# [Task details]
From the entries that follow, copy each line containing the word "Tower".

Data records Start Marker

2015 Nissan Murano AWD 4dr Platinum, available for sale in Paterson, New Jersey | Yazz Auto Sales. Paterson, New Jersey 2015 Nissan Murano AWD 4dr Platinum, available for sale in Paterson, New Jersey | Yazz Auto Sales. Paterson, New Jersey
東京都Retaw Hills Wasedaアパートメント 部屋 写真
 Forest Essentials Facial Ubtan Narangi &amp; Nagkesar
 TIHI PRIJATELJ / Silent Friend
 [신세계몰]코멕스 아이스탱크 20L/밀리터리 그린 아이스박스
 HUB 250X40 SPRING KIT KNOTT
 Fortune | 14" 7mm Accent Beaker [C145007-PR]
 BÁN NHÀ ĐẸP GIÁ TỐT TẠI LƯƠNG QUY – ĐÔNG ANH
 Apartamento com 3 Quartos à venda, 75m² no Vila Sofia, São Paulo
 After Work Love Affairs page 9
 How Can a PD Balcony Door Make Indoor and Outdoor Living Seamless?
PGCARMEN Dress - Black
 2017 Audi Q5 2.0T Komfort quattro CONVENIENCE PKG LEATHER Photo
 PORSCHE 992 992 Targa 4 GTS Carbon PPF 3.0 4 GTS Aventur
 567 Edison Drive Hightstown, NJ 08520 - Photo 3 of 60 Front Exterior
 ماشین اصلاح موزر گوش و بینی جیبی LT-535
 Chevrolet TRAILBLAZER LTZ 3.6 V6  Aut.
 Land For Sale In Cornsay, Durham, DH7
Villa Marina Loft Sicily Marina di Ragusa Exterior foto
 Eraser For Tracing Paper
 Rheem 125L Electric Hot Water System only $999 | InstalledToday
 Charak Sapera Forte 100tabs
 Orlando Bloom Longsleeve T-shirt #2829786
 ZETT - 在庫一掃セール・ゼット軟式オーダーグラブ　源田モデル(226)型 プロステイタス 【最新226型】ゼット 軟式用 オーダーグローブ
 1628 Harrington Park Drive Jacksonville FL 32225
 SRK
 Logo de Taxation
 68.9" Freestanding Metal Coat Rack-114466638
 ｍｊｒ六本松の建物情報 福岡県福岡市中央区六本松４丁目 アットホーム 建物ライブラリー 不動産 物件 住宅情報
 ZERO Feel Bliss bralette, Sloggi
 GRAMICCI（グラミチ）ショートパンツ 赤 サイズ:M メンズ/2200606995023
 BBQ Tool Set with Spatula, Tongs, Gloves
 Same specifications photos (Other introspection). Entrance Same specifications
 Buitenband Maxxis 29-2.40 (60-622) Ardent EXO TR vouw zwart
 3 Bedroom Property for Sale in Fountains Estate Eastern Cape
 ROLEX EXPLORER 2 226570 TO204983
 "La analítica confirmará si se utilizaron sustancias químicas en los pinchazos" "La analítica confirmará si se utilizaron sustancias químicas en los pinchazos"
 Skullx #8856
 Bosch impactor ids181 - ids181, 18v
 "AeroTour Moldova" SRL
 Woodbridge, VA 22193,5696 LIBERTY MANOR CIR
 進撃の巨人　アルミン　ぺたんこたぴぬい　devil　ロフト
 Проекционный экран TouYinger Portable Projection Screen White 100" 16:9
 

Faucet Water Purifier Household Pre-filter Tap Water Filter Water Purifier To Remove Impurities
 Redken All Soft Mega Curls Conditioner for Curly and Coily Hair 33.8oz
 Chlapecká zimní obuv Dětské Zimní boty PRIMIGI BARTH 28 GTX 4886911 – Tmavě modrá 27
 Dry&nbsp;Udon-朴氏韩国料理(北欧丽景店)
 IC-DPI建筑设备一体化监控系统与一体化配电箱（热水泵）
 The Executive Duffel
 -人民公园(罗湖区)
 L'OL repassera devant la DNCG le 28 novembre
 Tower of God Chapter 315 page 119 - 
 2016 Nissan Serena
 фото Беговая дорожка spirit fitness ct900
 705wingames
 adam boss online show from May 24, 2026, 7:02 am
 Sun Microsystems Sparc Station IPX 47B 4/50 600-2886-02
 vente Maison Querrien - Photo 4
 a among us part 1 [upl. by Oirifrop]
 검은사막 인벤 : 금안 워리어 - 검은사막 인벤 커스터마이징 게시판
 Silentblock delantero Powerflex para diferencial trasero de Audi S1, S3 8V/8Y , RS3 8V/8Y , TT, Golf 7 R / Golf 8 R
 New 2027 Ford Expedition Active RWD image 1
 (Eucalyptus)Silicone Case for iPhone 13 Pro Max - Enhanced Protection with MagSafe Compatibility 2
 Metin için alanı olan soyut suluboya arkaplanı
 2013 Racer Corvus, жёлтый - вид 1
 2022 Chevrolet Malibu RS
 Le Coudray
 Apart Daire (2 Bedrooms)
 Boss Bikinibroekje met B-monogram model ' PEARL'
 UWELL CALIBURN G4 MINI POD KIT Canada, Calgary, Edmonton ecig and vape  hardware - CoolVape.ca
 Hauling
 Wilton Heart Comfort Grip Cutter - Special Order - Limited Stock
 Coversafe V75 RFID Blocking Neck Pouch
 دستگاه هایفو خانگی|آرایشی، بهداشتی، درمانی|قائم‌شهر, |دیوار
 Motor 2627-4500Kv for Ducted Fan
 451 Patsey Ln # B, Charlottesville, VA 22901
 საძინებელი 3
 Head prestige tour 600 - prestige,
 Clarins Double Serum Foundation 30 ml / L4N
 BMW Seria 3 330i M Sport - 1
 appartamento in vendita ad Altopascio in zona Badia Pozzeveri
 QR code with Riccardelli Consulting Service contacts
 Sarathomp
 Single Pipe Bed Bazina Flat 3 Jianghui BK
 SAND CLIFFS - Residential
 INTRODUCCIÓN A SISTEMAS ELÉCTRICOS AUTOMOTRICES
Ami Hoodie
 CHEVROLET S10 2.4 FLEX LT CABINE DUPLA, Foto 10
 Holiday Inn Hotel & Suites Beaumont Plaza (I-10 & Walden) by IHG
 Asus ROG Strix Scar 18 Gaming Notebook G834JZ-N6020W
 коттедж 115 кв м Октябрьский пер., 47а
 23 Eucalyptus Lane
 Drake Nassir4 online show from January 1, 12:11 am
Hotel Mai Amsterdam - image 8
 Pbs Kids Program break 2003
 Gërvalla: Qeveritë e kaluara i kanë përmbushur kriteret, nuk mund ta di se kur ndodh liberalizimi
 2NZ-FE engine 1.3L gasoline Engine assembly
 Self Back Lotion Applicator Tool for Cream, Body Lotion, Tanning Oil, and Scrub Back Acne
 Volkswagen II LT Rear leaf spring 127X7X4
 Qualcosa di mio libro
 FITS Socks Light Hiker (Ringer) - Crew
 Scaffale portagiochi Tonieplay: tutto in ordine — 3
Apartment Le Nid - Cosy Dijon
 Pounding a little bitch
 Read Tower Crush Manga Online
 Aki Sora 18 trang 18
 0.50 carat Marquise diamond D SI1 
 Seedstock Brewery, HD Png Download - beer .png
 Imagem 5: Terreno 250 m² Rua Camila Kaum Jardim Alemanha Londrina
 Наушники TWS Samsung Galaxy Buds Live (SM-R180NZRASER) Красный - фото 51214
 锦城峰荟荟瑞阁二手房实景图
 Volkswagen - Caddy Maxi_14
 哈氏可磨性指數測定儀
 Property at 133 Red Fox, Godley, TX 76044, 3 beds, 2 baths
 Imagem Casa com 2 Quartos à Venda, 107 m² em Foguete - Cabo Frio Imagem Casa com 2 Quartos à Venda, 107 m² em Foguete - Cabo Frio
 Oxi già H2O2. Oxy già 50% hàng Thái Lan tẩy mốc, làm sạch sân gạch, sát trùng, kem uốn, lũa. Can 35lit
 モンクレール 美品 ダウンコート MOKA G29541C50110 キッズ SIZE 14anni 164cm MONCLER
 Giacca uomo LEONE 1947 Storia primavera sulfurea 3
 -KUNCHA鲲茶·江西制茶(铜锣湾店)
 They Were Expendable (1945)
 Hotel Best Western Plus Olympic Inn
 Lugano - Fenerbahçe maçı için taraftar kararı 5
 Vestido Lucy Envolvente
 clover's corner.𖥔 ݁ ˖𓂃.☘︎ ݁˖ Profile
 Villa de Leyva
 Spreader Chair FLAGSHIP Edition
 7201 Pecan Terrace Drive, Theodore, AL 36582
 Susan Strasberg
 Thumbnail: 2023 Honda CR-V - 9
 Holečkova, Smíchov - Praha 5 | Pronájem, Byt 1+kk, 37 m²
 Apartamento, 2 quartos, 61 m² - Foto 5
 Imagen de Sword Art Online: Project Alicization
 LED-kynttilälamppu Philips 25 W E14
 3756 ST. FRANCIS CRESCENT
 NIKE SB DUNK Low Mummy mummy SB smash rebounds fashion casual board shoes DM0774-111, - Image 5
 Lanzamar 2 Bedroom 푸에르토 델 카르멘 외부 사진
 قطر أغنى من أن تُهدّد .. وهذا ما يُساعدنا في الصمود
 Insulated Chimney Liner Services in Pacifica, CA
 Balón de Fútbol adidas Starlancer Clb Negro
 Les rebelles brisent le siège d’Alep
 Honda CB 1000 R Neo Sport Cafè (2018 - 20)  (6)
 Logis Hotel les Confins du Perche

Data records End Marker

# [Task output]
 Tower of God Chapter 315 page 119 - 
 Read Tower Crush Manga Online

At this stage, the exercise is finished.